And in many ways, as believers, as those studying God’s word, the people in Corinth were just like Dug the Dog.  They desired to know all there was to know about God’s love, about His mercy, they desired to grasp the depth and breadth and height and width of God’s love…


Their attention is whisked away – as their minds follow a variety of squirrels that would distract them from the glory which Paul described so vividly; from the ministry we get to all be a part of, seeing people stripped of sin and returned to God.

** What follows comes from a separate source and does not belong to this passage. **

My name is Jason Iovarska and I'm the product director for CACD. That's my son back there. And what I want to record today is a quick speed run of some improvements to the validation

They got distracted by inspirational speakers (even if they know they are wrong), or by discussions about visions and revelations experiences that are astounding, so many things!

We can be like that as well, can’t we?

We aren’t alone…so was Paul…he had a ego that was easily inflated and he talks of the way God helped him deal with it – to keep that which should be the priority for the Christian – at the forefront.  God’s method?  A gift that doesn’t seem a gift at first, but is.  That doesn’t seem like mercy, yet it is, for it keeps Paul focused, and dependent on God.

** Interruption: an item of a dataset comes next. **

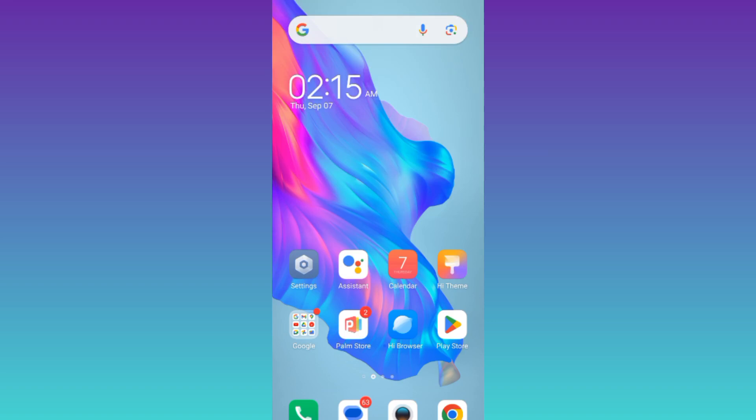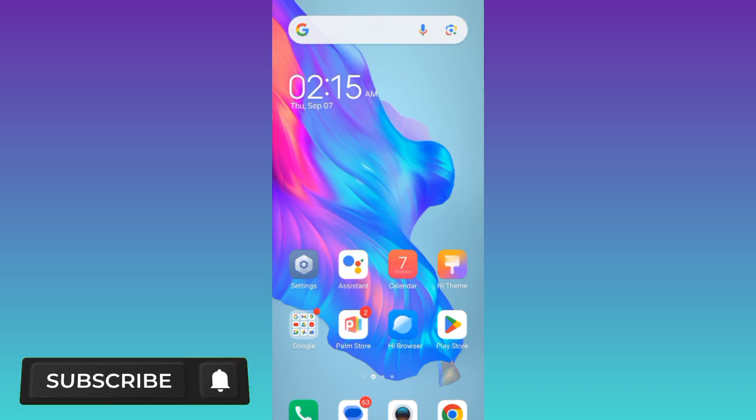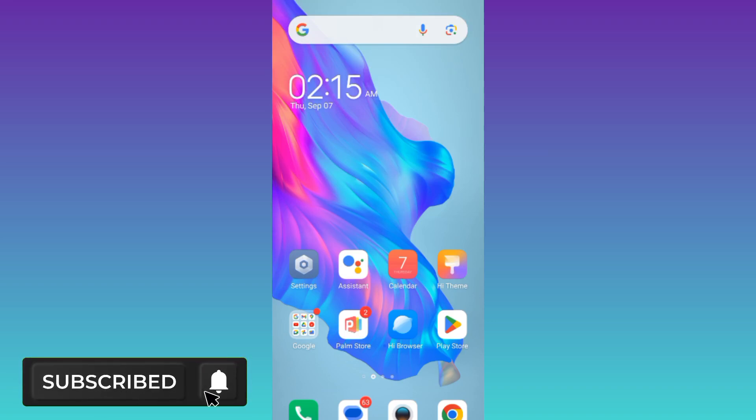In today's video, I'm going to show you how you can clone apps on your Android phone. Without wasting any of your time, let's jump to the video.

But before Paul gets there – he has to deal with the squirrels… and so will we!
Law – I want to know it ALL!!!

If you read this passage carefully, you realize that Paul doesn’t want to spend much time validating his ministry based on the experiences and visions and revelation, what he calls boasting.  He’s done it, seen it, experienced it, been there, knows he can’t even come close to describing it, and realizes that even if it does – it will do those he is writing to absolutely no good!

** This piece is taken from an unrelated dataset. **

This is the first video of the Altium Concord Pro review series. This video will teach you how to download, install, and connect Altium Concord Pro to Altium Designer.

Yet many of the professional theologians I have in my library wax eloquent on that which Paul deems as worthless, that will no benefit those to whom he writes.  Heck just the discussions on what Paul means by being taken “to the third heaven” go on and on and on…. Despite Paul’s words that they mean…nothing to us!  Pages of speculation about what Paul saw, or what this meant or that, on whether there are 3 heavens or seven! One theologian got it right, when he said


A mass of Jewish ideas about the seventh heaven is introduced by some interpreters, and they place Paul beyond the third heaven, viz. in the fourth. We consider all this Jewish material worthless for our interpretation. Are these Jews, who were never in heaven, able to shed any light on Paul’s experience? NO!
Study is good, and so is discussion, don’t get me wrong – but if scripture, God’s holy word says something doesn’t have a lot of meaning and value for us, why do we keep trying to develop a theory about it?  Why can’t we just accept that it is beyond us, and get to what really makes a difference?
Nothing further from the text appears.